- Film poster
- Directed by: Kat Coiro
- Written by: Kat Coiro
- Produced by: Lauren Bratman; Kat Coiro;
- Starring: Kate Bosworth; Jamie Blackley; Iddo Goldberg;
- Cinematography: Doug Chamberlain
- Edited by: Adam Catino
- Music by: Mateo Messina
- Production companies: 1821 Pictures; Dead Serious Films;
- Distributed by: Well Go USA Entertainment
- Release dates: April 22, 2012 (Tribeca); September 13, 2013 (United States);
- Running time: 80 minutes
- Country: United States
- Language: English

= And While We Were Here =

And While We Were Here is a 2012 American romantic drama film written and directed by Kat Coiro and starring Kate Bosworth, Jamie Blackley and Iddo Goldberg. It was filmed on the island of Ischia. The film premiered at the 2012 Tribeca Film Festival and showed at the Locarno Film Festival. It released to Ultra VOD on August 13, 2012, and to theaters on September 13, 2013.

==Plot==
Jane and her husband, Leonard, travel to Naples, where Leonard has been hired to teach and perform with his instrument of choice, the viola.

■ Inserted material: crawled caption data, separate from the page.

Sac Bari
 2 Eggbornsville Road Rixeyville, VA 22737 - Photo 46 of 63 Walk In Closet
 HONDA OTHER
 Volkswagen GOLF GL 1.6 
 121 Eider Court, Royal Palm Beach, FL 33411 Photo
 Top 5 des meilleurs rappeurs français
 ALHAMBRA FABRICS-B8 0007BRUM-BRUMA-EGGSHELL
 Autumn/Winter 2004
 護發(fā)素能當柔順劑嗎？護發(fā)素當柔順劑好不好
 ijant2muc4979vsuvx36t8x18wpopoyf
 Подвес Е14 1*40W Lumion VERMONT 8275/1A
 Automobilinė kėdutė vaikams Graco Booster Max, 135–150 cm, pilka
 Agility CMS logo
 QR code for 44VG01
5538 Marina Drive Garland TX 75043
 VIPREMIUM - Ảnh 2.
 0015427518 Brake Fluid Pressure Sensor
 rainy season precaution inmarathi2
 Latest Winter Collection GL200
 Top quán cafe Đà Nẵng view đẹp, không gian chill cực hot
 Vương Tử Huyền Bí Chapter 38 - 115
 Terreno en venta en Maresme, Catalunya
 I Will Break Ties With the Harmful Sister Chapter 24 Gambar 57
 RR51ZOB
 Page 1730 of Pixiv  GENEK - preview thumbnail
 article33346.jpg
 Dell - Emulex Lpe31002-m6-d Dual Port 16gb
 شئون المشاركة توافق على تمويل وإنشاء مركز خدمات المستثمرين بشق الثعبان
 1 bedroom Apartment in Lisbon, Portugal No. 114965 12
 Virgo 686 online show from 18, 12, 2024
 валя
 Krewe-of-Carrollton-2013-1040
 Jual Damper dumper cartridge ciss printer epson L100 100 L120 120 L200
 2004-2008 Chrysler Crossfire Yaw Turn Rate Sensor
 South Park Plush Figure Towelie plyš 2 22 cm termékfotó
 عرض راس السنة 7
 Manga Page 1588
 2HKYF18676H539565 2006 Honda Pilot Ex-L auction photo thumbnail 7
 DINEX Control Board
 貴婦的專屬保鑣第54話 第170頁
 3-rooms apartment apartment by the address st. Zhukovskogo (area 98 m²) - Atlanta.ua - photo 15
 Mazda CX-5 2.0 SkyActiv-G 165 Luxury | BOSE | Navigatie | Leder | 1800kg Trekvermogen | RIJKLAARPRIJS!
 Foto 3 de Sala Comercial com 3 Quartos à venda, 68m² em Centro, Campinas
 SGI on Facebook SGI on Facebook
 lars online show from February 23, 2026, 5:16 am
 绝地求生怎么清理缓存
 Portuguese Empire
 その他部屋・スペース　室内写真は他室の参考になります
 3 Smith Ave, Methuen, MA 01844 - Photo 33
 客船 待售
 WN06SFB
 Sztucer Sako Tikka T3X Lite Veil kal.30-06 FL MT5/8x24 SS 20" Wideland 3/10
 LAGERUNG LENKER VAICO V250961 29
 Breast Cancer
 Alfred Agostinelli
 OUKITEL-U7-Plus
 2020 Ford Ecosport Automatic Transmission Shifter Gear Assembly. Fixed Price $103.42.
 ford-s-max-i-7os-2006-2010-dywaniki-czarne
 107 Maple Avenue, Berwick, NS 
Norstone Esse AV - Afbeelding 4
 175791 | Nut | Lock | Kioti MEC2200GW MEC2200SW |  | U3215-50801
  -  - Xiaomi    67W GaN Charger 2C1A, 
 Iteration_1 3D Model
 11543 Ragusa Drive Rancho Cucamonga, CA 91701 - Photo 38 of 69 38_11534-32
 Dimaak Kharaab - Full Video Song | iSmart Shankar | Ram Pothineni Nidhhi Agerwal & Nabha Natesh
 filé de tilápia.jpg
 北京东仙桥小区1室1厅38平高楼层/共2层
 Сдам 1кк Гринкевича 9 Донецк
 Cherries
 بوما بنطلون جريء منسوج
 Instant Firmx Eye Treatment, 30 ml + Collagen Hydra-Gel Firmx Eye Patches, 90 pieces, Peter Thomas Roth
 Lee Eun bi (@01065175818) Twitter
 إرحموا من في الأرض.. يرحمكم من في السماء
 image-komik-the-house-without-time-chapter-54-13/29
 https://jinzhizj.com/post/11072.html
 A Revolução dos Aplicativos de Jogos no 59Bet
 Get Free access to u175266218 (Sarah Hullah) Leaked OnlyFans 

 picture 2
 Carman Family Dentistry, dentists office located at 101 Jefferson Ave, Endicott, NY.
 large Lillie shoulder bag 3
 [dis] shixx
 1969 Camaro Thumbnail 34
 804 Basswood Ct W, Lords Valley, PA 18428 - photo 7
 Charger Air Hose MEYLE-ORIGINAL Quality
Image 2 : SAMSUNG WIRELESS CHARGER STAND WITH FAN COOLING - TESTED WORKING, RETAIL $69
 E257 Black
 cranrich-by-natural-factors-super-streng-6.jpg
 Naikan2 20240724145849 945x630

Jane and Leonard have a strained marriage, with Leonard, in Jane's belief, not being a supportive or caring husband. Jane is writing a sort of memoir about her grandmother's experiences in the world wars while her husband is at work. Jane visits the island of Ischia to avoid the isolation she faces alone in the couple's hotel room. While out on a walk, she meets the young and outgoing nineteen-year-old Caleb, with whom she strikes up an acquaintance. The two spend the afternoon together and share a dinner later that night. Caleb and Jane run away from the restaurant without paying making Jane feel alive, before Caleb confessing to her that he paid the bill when he went to the bathroom. Caleb asks for Jane's phone number but she refuses and catches a ferry back to her hotel room.

The following day Jane and Leonard share a lunch in which further strain is shown, with Leonard not understanding why Jane has such a fascination with and envy of the life of a 'young, care-free' teenager. As she is saying this, Caleb suddenly arrives at the restaurant and sits with the couple at Jane's invitation. Leonard shows signs of suspicion of the two and promptly asks for the check. The three walk towards Leonard's work and Caleb leaves them but not before writing his address on Jane's hand despite Leonard pointing out that he has a piece of paper. Jane and Leonard say goodbye to each other and Jane walks away and runs into Caleb again. Jane asks Caleb if he is following her to which he asks whether that would be weird. The two walk together and Caleb confesses to Jane that he couldn't sleep after meeting her and actually planned to bump into her so he could see her again. The two share a passionate kiss. However Jane soon pulls away and questions Caleb's motives before leaving and telling him not to follow her. Jane goes home to have a shower but writes down Caleb's address in her notebook so she doesn't lose it when it washes off.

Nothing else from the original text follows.